A close up of one of the doorway decorations.

The other.

There are a bunch of old churches in the city, all with interesting, to me at least, details.

Another doorway at St. James.

More later. I hope you are enjoying these.

Wednesday, September 2, 2009

Hyde Park

Some photos from the trip. Just the very start. These are from the first day I went into London. They are all near the Hyde Park/Buckingham Palace area.

The ubiquitous phone booth.

The London Hard Rock Cafe.

People enjoying the day in Green Park, across the street from Buckingham Palace.

A guard at Buckingham Palace. The queen was not in town, spending the summer holiday at Windsor Castle about 45 miles from London.

More photos on my Flickr photostream. Many more to come yet also.

Tuesday, September 1, 2009

London Calling

I've just spent 9 days in the UK. I went over for work, but stayed a few extra days to explore the city. I'm sure I only touched the surface, but here are a few thoughts.

We truly are countries separated by a common language. The accent at times was strange enough for me that if the person spoke fast enough, I had trouble understanding them. Of course I really don't have an ear for languages anyway, which didn't help. Some of the differences:

Lift for elevator.
Crisps for potato chips.
Toilet or loo instead of rest room.
The ground floor of a building is either ground or zero. What would be our second floor is 1. The basement is -1.
Chips for french fries.

The food was generally good. Peas, usually cold are served with a lot of meals. Pubs are everywhere, and they all serve fish and chips. Usually it's listed at the top of the menu and the all proclaim they have the best. The rooms are generally small, and they pack far more people in then would be allowed in the US. It's was common when the pub was packed to see people outside standing with their drinks.

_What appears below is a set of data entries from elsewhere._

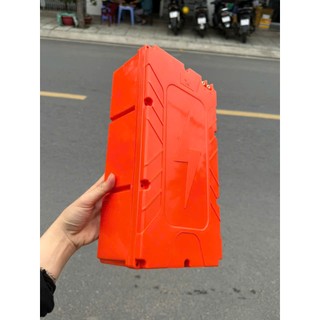 Hộp Xe Điện Chống Nước Tuyệt Đối 48V 15AH ( 16S  Mẫu Mới Nhất )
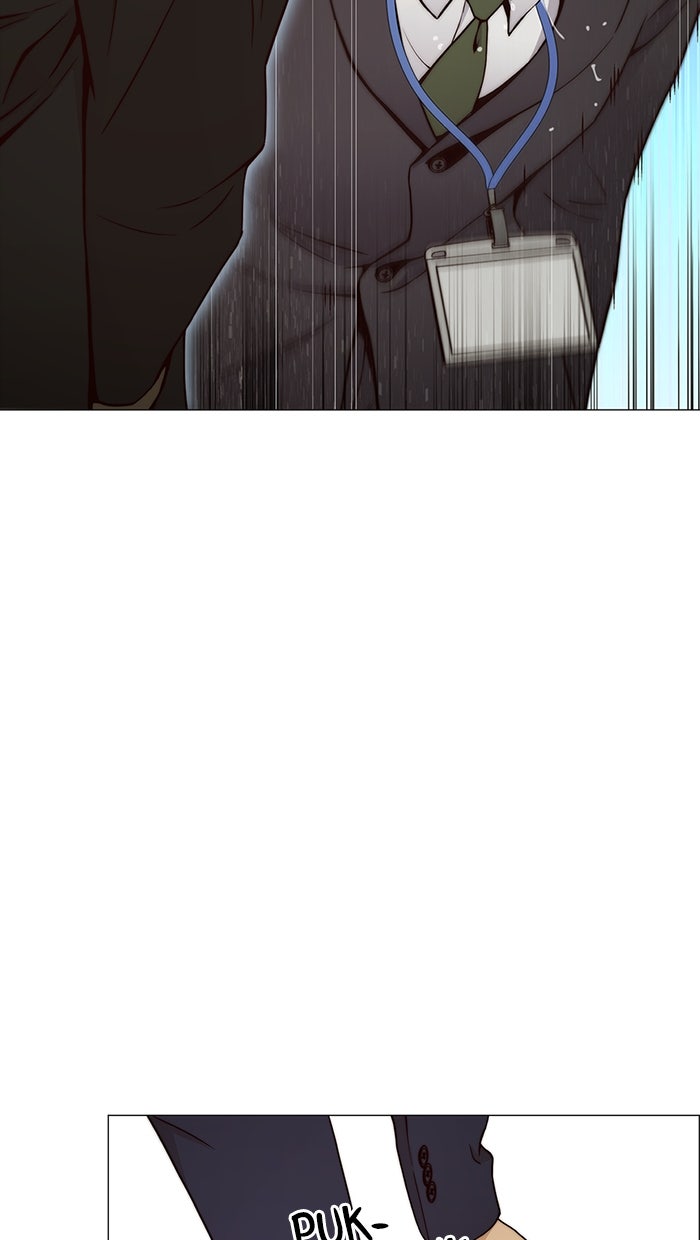 Read The Man chapter 120 image 21 on Lezhin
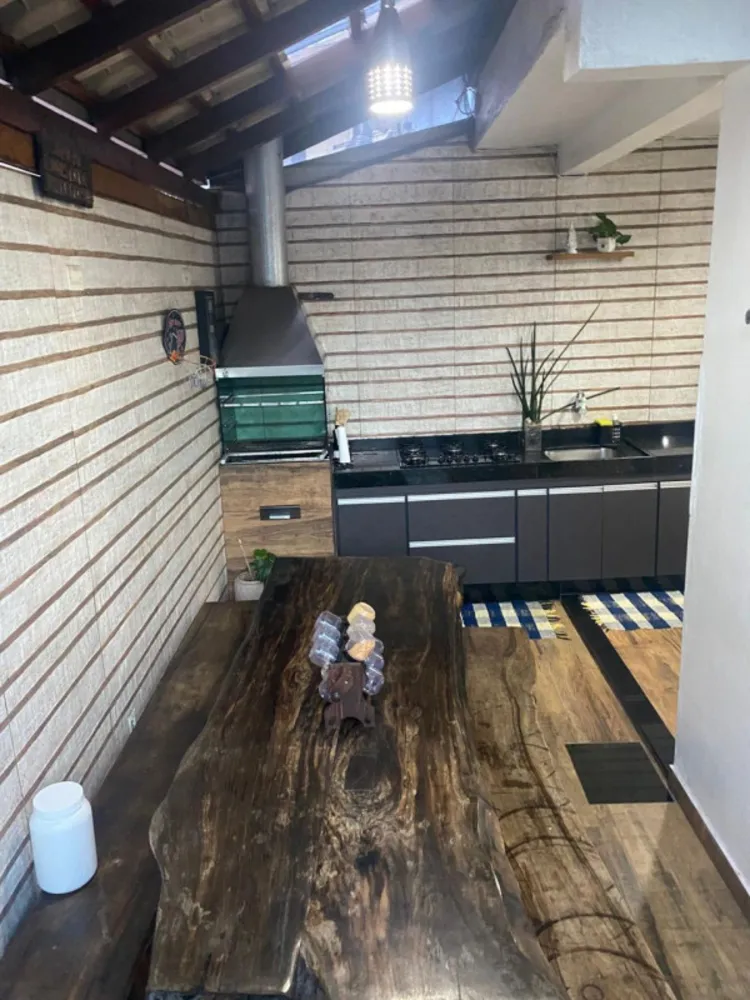Casa, 3 quartos, 80 m² - Foto 7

August is crowded. It's vacation or "holiday" time in Europe and the city was packed. Everywhere I turned, I heard another language. It become somewhat of a game for me to guess where the person was from. Usually I failed.

Since they drive on the other side of the road from what the US does, being a pedestrian can be a challenge. Luckily in the city they have signs reminding people which way to look for traffic.

Interspersed throughout the city are older buildings. Primarily churches, but there are others as well. Some incredible older architecture that has been kept and reused over the years. Some of the buildings had a history going back to the 1600's or older. An amazing counterpoint to our penchant to tear down anything over 20 years old.

I took a lot of photos, though I think they will primarily be the typical tourist type shots. Being my first time in the city, I tried to take it all in. I failed miserably, but it was fun trying. I'll start posting photos when I've got them finished.